I also had to go to very low sugar...that helped the joints as well.

Some of the chinese herbs I take also reduce "wind".


what about dairy?
 

Wishful

Senior Member
Messages
5,751
Location
Alberta
My interpretation of eastern medicine is that they started with a nonsense basis--four humours and magical energy--and then twisted their observations and explanations to fit that model. They can look at the signs a patient shows, and through thousands of years of combined trial and error prescribe some herbs or other treatments that work fairly reliably, but the explanation for it, with magical energy and excess phlegm, is still nonsense. Western medicine has its own false assumptions too. Dropping the 'four humours' model did help open their minds to alternative theories.
 

Rufous McKinney

Senior Member
Messages
13,389
but the explanation for it, with magical energy and excess phlegm, is still nonsense.

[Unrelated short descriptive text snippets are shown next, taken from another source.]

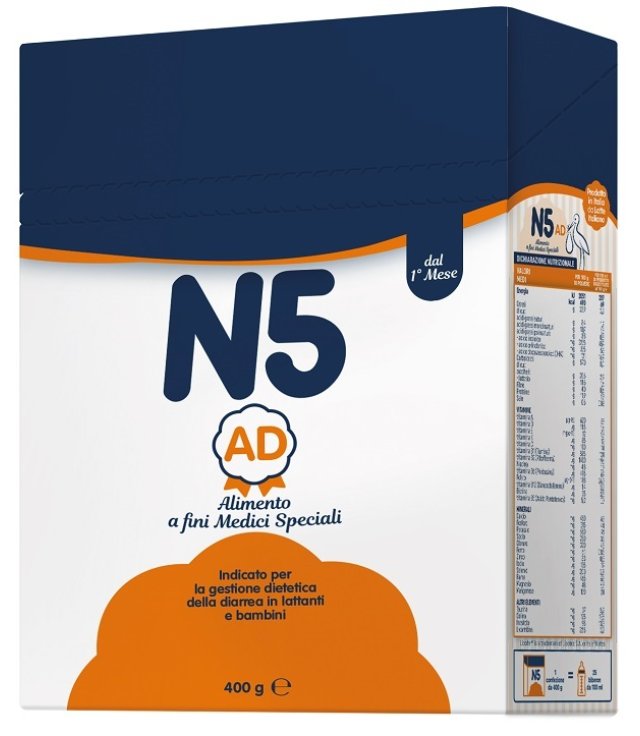 N5 AD LATTE POLV.400GR 1M+(DISSE N5 AD LATTE POLV.400GR 1M+(DISSE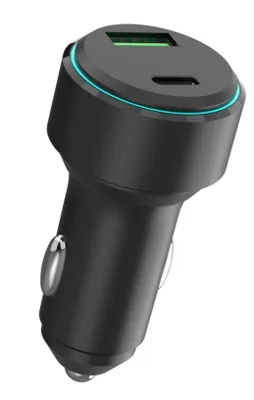 Produktbild von Forever recykling ładowarka samochodowa USB-C USB-A 32W LS-AC-32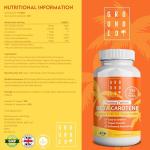 Grounded Beta Carotene Tanning Tablets - 120 Count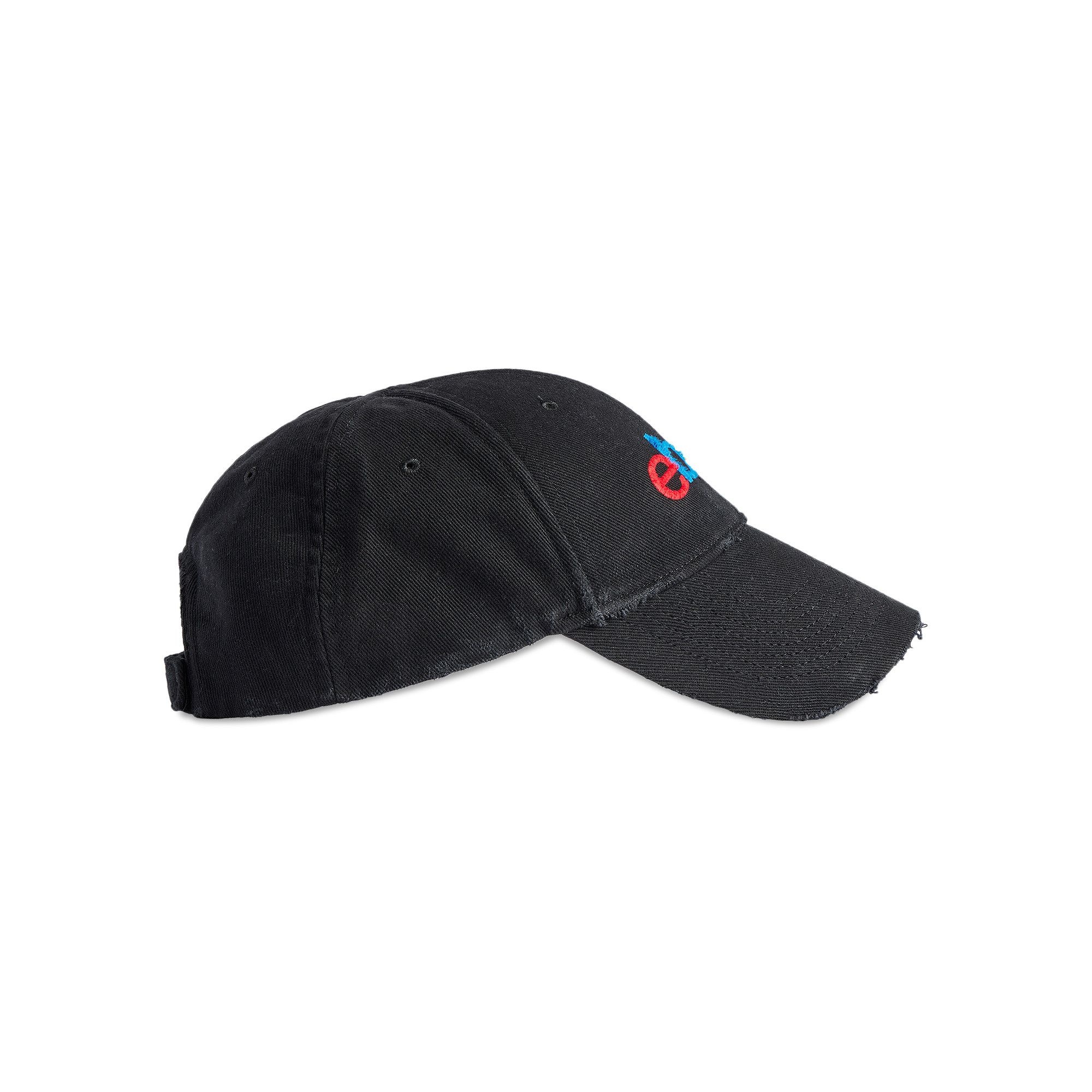 Balenciaga eBay Cap 'Black/Multicolor' - 3
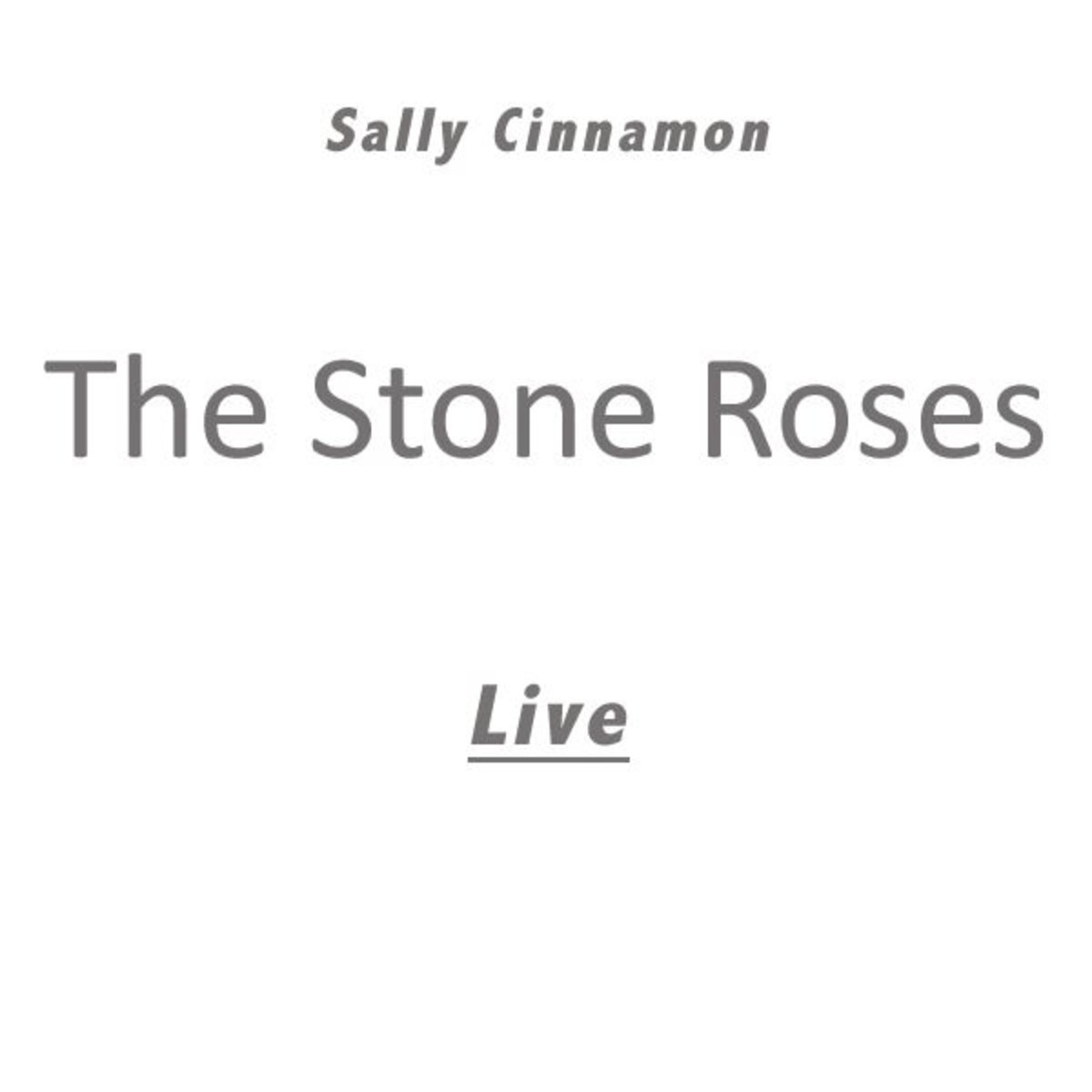 Sally Cinnamon - Single Mix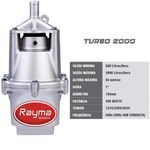 BOMBA SUBMERSA PARA POÇO RAYMA T2000 380W 3/4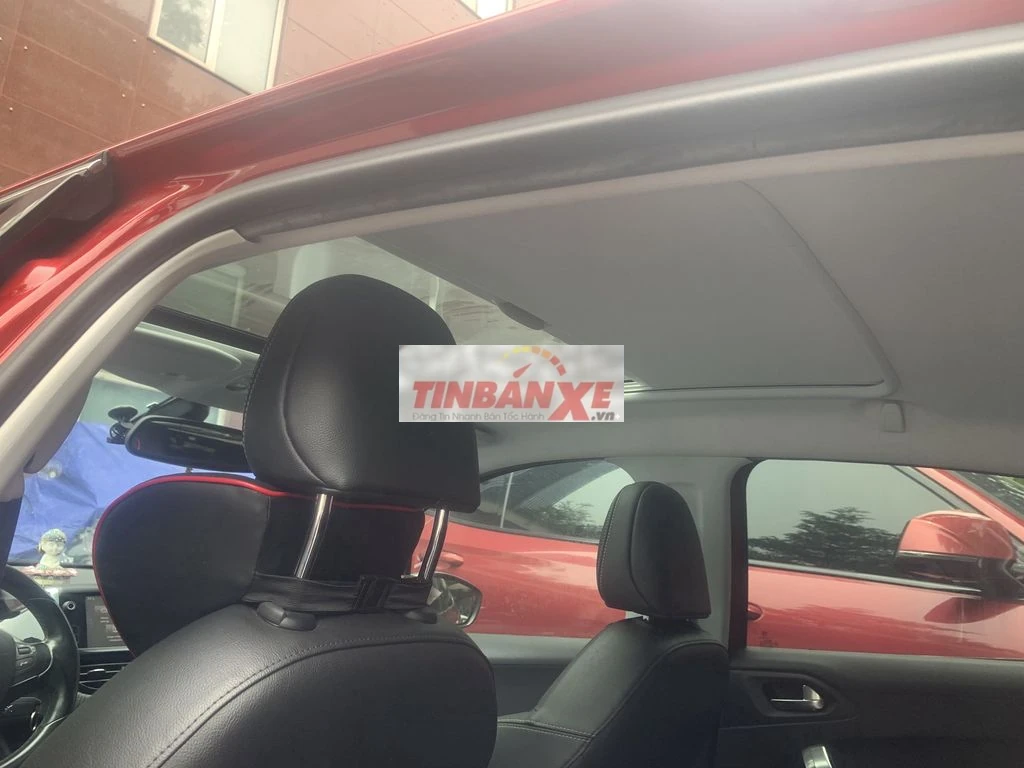 Peugeot 208 2016 Đỏ 59000 km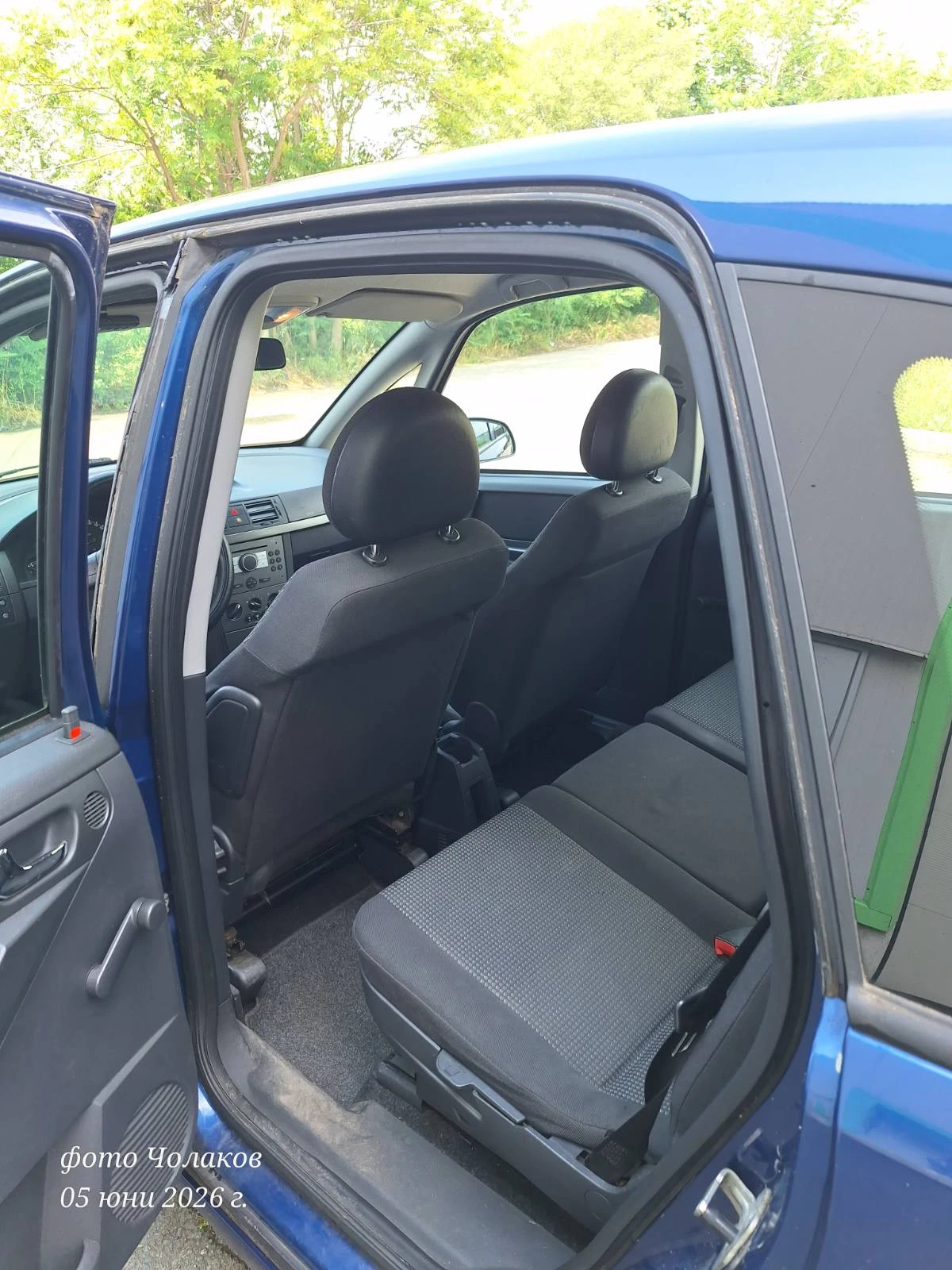 Opel Meriva, снимка 10 - Автомобили и джипове - 54794294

Knowledge of how to use chinese herbs was developed over a very long period of time. If it didn't work, people would not seek it out, and it would have died out long ago.

I don't worry about whether the explanation makes scientific sense as its not based upon our version of science. In fact, I like it exactly because its NOT based upon our "scientific method" which so far- often fails us.

Qi energy is not magical in my experience. If magical means "not physical or rational".

And I just had the western trained physical therapist describe to me that "air" is coming out of my spinal vertebrae. Air, wind...semantics.